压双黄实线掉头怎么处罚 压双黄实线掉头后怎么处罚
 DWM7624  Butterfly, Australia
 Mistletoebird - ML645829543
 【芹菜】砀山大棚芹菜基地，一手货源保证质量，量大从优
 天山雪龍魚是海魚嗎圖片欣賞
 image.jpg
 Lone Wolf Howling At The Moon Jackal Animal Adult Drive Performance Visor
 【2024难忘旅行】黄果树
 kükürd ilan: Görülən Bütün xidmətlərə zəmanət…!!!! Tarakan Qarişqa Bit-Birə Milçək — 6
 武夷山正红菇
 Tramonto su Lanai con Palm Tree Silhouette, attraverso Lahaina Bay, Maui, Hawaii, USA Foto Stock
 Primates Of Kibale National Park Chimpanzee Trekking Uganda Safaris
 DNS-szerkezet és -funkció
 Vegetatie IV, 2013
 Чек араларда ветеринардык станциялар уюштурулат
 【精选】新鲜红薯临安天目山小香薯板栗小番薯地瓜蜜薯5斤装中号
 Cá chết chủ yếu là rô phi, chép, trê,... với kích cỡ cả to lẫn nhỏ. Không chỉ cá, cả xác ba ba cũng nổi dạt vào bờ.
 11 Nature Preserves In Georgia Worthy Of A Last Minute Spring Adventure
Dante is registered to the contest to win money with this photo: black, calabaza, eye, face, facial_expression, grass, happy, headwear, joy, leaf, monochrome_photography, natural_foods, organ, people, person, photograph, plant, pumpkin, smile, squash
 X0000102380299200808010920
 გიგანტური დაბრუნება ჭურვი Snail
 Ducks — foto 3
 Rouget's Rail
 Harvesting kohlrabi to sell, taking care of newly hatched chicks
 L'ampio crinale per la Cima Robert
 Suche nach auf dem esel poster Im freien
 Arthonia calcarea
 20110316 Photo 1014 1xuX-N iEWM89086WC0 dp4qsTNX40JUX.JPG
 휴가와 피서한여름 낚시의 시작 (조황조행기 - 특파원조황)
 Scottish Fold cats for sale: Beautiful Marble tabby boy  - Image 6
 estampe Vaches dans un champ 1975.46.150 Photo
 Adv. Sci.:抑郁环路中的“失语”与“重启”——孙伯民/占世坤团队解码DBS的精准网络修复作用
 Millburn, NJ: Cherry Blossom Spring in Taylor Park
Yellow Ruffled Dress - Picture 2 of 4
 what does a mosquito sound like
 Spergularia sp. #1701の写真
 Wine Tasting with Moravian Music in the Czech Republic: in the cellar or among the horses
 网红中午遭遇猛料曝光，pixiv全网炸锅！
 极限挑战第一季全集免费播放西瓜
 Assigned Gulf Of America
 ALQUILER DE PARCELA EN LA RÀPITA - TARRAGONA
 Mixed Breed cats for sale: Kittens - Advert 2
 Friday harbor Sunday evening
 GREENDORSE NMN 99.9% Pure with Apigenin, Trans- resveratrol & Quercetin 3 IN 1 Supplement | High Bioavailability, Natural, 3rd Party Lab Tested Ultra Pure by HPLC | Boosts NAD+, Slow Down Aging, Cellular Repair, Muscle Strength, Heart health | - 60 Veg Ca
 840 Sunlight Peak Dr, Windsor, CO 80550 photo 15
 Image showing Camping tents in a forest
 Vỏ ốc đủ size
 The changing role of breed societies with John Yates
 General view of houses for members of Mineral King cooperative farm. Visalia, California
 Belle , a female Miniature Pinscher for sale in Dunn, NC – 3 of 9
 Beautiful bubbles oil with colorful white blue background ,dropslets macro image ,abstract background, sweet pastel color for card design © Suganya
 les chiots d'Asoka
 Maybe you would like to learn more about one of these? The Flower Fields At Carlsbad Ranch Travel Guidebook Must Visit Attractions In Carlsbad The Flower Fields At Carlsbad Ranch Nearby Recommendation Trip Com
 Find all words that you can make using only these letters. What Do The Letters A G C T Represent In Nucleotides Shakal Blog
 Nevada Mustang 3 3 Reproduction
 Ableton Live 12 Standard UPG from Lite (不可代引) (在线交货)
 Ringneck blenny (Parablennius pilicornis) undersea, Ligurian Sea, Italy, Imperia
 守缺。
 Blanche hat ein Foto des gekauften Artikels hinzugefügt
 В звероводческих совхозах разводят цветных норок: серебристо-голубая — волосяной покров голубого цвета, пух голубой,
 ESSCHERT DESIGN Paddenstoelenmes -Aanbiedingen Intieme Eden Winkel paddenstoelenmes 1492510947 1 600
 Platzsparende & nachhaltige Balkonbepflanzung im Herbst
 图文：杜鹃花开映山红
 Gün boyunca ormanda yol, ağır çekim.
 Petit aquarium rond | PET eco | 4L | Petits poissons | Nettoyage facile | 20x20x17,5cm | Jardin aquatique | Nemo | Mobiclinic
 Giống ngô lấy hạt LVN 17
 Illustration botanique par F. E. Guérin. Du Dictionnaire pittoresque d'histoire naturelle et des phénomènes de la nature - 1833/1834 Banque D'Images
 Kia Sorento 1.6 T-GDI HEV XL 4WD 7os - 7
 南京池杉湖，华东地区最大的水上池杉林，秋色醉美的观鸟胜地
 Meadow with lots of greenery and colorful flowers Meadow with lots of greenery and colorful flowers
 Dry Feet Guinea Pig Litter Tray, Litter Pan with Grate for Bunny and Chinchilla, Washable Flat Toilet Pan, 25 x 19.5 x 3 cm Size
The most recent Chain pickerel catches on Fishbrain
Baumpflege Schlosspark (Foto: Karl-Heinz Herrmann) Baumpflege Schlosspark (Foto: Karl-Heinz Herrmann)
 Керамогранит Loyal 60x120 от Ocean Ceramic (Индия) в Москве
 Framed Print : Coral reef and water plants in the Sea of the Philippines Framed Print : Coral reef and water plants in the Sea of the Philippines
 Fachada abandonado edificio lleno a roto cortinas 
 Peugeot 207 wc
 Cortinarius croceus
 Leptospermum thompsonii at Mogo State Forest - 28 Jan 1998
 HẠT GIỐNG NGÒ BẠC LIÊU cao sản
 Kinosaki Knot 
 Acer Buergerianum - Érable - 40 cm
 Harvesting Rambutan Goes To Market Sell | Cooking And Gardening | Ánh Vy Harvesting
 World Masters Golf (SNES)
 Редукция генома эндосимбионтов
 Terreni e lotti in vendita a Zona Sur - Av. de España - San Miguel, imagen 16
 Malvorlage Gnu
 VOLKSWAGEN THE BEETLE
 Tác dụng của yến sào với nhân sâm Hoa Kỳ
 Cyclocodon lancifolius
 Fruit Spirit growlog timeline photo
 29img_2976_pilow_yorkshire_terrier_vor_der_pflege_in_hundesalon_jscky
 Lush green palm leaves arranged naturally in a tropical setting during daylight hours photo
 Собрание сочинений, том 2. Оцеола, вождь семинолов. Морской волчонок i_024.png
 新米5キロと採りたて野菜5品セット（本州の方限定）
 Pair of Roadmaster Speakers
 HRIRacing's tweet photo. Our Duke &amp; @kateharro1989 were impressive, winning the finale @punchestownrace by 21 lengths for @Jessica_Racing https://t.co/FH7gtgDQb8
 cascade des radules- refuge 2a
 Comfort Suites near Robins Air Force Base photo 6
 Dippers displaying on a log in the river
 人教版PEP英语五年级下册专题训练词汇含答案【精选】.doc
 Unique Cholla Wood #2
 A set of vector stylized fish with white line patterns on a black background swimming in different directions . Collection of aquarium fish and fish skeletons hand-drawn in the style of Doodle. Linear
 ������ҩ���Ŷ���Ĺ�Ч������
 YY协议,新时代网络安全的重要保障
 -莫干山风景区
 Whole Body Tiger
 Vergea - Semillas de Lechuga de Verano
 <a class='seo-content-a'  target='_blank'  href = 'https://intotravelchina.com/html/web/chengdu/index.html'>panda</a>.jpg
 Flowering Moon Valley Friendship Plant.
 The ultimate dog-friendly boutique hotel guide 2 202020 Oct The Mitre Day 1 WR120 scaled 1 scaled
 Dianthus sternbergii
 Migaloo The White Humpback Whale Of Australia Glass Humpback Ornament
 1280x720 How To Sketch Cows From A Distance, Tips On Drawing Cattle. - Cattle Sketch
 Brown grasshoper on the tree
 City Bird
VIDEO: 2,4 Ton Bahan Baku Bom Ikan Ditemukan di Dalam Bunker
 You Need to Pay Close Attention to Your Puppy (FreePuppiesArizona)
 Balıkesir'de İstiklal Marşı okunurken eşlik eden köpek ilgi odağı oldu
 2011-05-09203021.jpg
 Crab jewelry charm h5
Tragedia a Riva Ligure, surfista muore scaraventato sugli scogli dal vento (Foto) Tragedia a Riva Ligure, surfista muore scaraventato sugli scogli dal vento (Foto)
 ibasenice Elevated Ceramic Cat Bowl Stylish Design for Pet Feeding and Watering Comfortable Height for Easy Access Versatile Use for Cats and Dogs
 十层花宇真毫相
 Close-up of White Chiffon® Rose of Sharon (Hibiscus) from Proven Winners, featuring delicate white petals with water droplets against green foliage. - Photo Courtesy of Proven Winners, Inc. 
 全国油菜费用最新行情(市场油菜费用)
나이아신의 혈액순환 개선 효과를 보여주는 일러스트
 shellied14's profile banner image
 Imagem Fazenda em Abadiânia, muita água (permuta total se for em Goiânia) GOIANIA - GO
━━━━━━━━━━━━━━━━━━━━━━━━━━━━━━
About this task >> From the line containing "Cyclocodon lancifolius" down to the line containing "Dippers displaying on a log in the river" in the material above, reproduce every line exactly, including the two end lines.

Response to the task >>
 Cyclocodon lancifolius
 Fruit Spirit growlog timeline photo
 29img_2976_pilow_yorkshire_terrier_vor_der_pflege_in_hundesalon_jscky
 Lush green palm leaves arranged naturally in a tropical setting during daylight hours photo
 Собрание сочинений, том 2. Оцеола, вождь семинолов. Морской волчонок i_024.png
 新米5キロと採りたて野菜5品セット（本州の方限定）
 Pair of Roadmaster Speakers
 HRIRacing's tweet photo. Our Duke &amp; @kateharro1989 were impressive, winning the finale @punchestownrace by 21 lengths for @Jessica_Racing https://t.co/FH7gtgDQb8
 cascade des radules- refuge 2a
 Comfort Suites near Robins Air Force Base photo 6
 Dippers displaying on a log in the river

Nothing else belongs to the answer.